*Dataset records*:
===
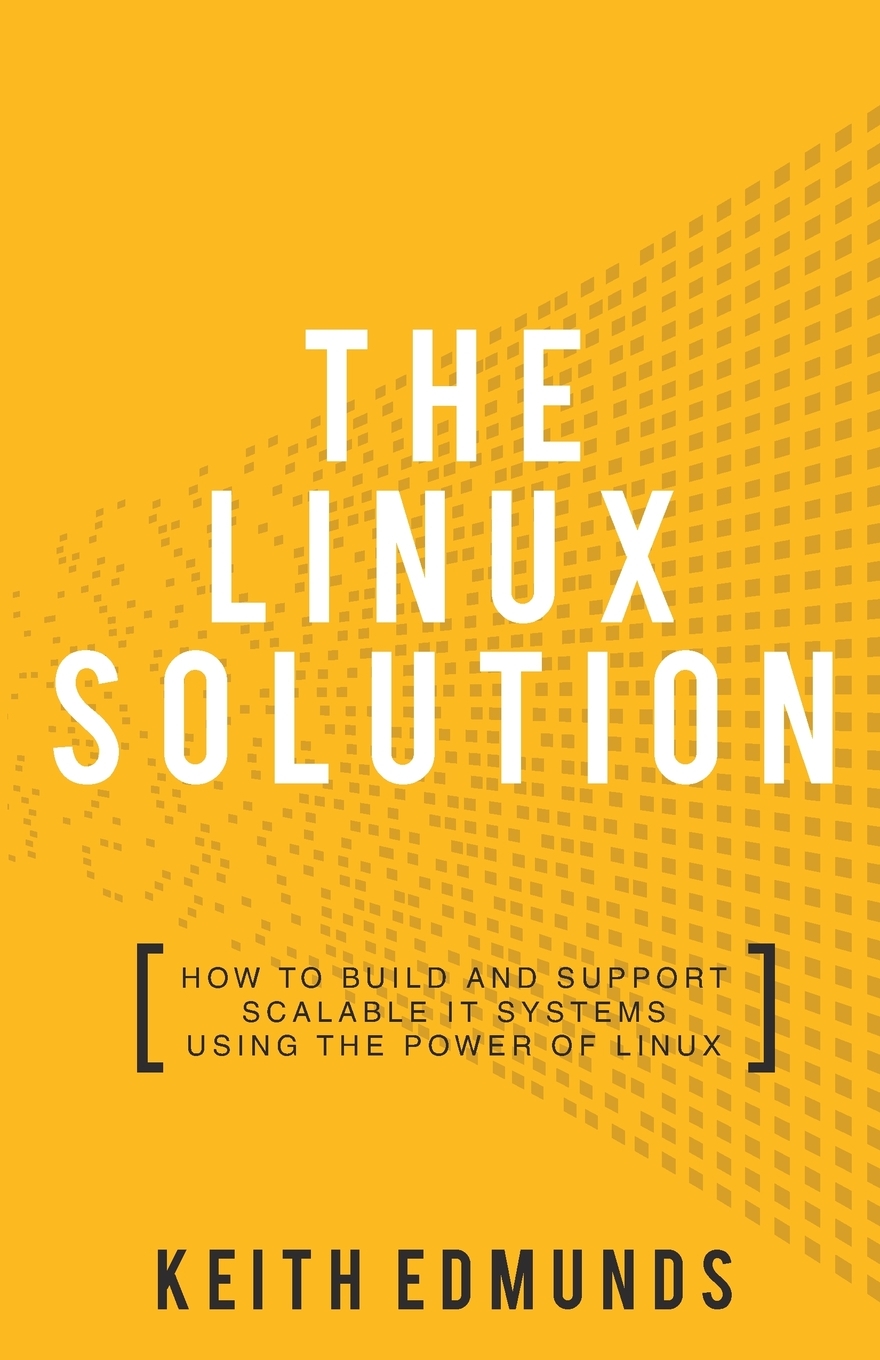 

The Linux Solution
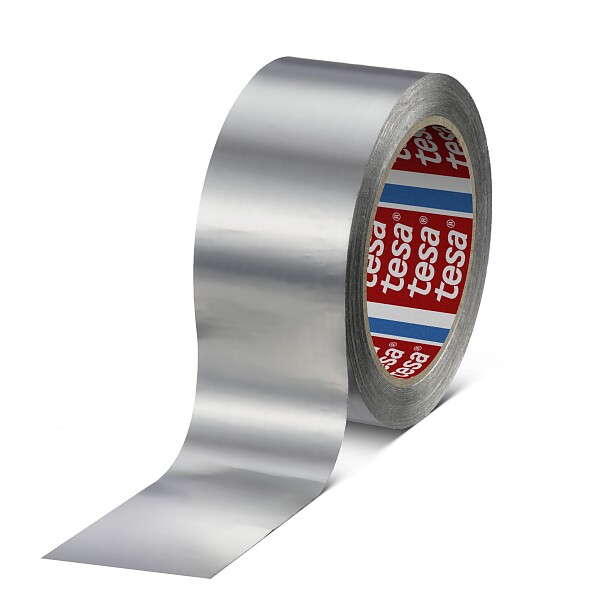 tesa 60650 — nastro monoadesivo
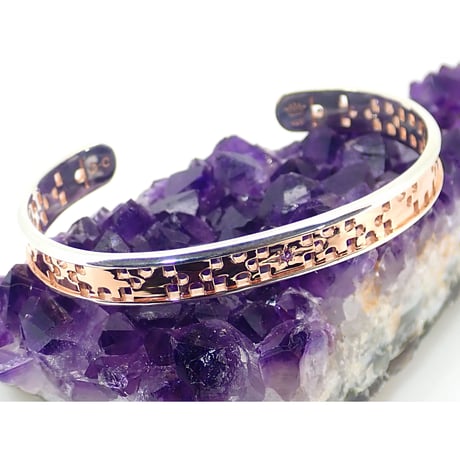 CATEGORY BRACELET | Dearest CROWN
===
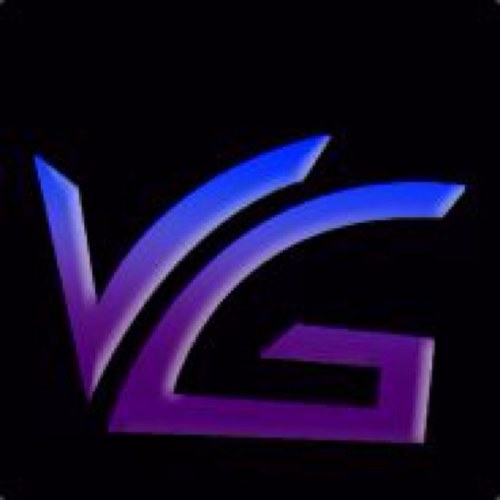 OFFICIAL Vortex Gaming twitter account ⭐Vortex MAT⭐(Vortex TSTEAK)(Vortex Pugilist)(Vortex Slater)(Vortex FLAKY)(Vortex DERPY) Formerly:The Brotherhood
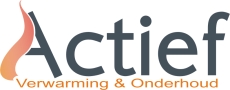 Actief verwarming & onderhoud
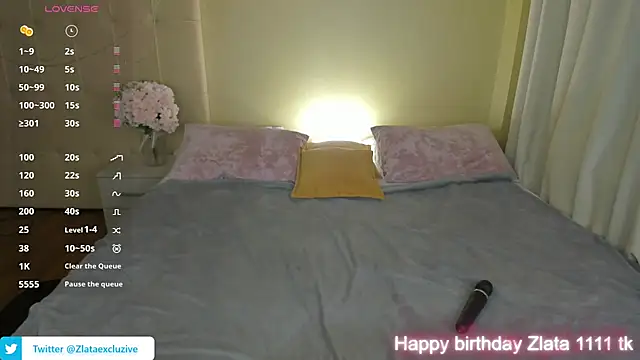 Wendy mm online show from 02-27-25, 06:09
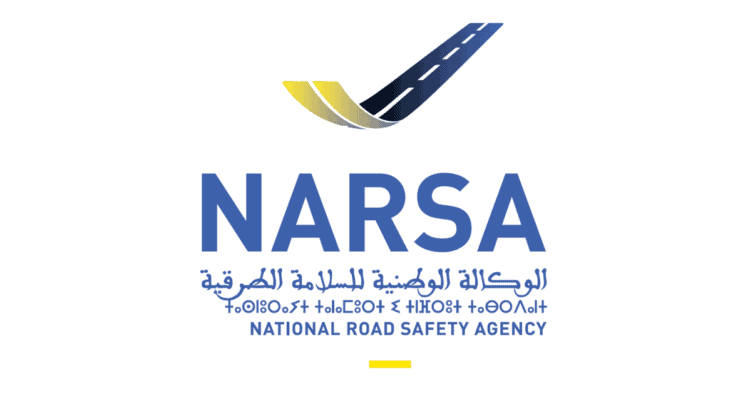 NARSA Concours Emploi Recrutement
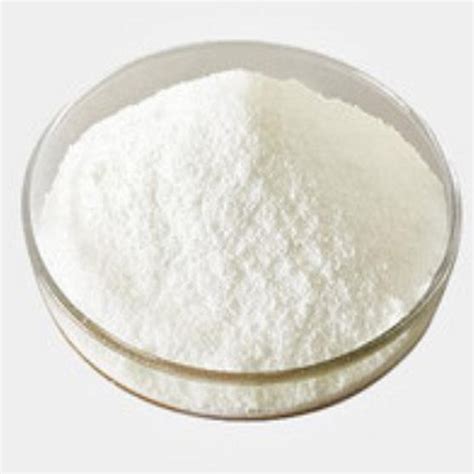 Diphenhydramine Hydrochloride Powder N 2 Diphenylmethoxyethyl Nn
===
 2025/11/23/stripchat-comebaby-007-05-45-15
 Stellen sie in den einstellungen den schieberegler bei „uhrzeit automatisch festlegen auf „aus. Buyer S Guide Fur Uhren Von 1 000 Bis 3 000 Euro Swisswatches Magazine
===
*What needs to be done*: Set down again, exactly, every line above from the one with "The Linux Solution" down to the one with "CATEGORY BRACELET | Dearest CROWN", both ends included. No pictures, and nothing else.

*Exercise response*:
The Linux Solution
 tesa 60650 — nastro monoadesivo
 CATEGORY BRACELET | Dearest CROWN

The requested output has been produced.